Stream pdf and then convert that to html as bytes array .. (pdf to html) using stream

(1) reading pdf in stream and then convert it to html

(2) output byte[] resultHtmlAsBytes.


See attached file for detail code

Hi Abhishek,


Thanks for contacting support.

As per my understanding, you need to convert PDF file to HTML format and save the output in Byte Array. If so is the case, then please try using following code snippet (very much similar to the one you have shared earlier).
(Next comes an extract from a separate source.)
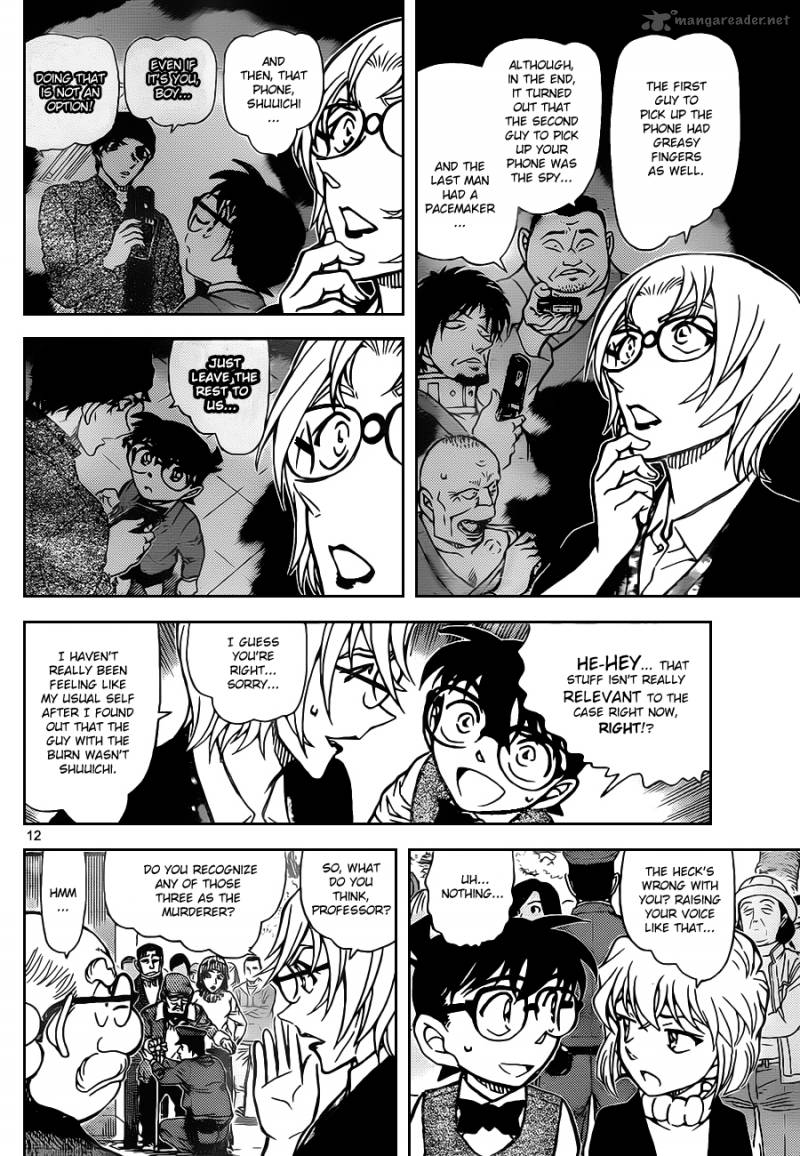 Detective Conan Chapter 851 Page 12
In case I have not properly understood your requirement, please feel free to contact.

[C#]

Document doc = new
Document(“c:/pdftest/record_275889686.pdf”);<o:p></o:p>

// tune conversion params

HtmlSaveOptions newOptions = new HtmlSaveOptions();

newOptions.RasterImagesSavingMode = HtmlSaveOptions.RasterImagesSavingModes.AsEmbeddedPartsOfPngPageBackground;

newOptions.FontSavingMode = HtmlSaveOptions.FontSavingModes.SaveInAllFormats;

newOptions.PartsEmbeddingMode = HtmlSaveOptions.PartsEmbeddingModes.EmbedAllIntoHtml;

newOptions.LettersPositioningMethod = HtmlSaveOptions.LettersPositioningMethods.UseEmUnitsAndCompensationOfRoundingErrorsInCss;

newOptions.SplitIntoPages = false;// force write HTMLs of all pages into one output document

newOptions.CustomHtmlSavingStrategy = new HtmlSaveOptions.HtmlPageMarkupSavingStrategy(SavingToStream);

//we can use some non-existing puth as result file name - all real saving will be done

//in our custom method SavingToStream() (it's follows this one)
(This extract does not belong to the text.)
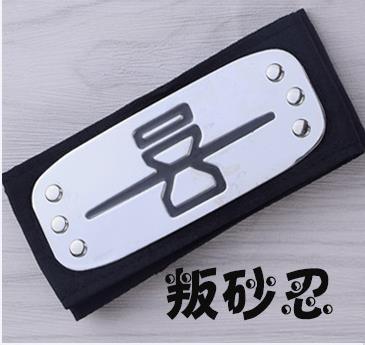 Kakashi Sasuke Cosplay Headwear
string outHtmlFile = @"Z:\SomeNonExistingFolder\SomeUnexistingFile.html";

doc.Save(outHtmlFile, newOptions);

MemoryStream stream = new MemoryStream();

doc.Save(stream);

byte[] buffer = new byte[16 * 1024];

using (MemoryStream ms = new MemoryStream())

{

int read;

while ((read = stream.Read(buffer, 0, buffer.Length)) > 0)

{

ms.Write(buffer, 0, read);

}

ms.ToArray();

}

Console.WriteLine(buffer.Length);

stream.Close();

private static void SavingToStream(HtmlSaveOptions.HtmlPageMarkupSavingInfo htmlSavingInfo)

{

byte[] resultHtmlAsBytes = new byte[htmlSavingInfo.ContentStream.Length];

htmlSavingInfo.ContentStream.Read(resultHtmlAsBytes, 0, resultHtmlAsBytes.Length);

// here You can use any writable stream, file stream is taken just as example

string fileName = "stream_out.html";

Stream outStream = File.OpenWrite(fileName);

outStream.Write(resultHtmlAsBytes, 0, resultHtmlAsBytes.Length);

}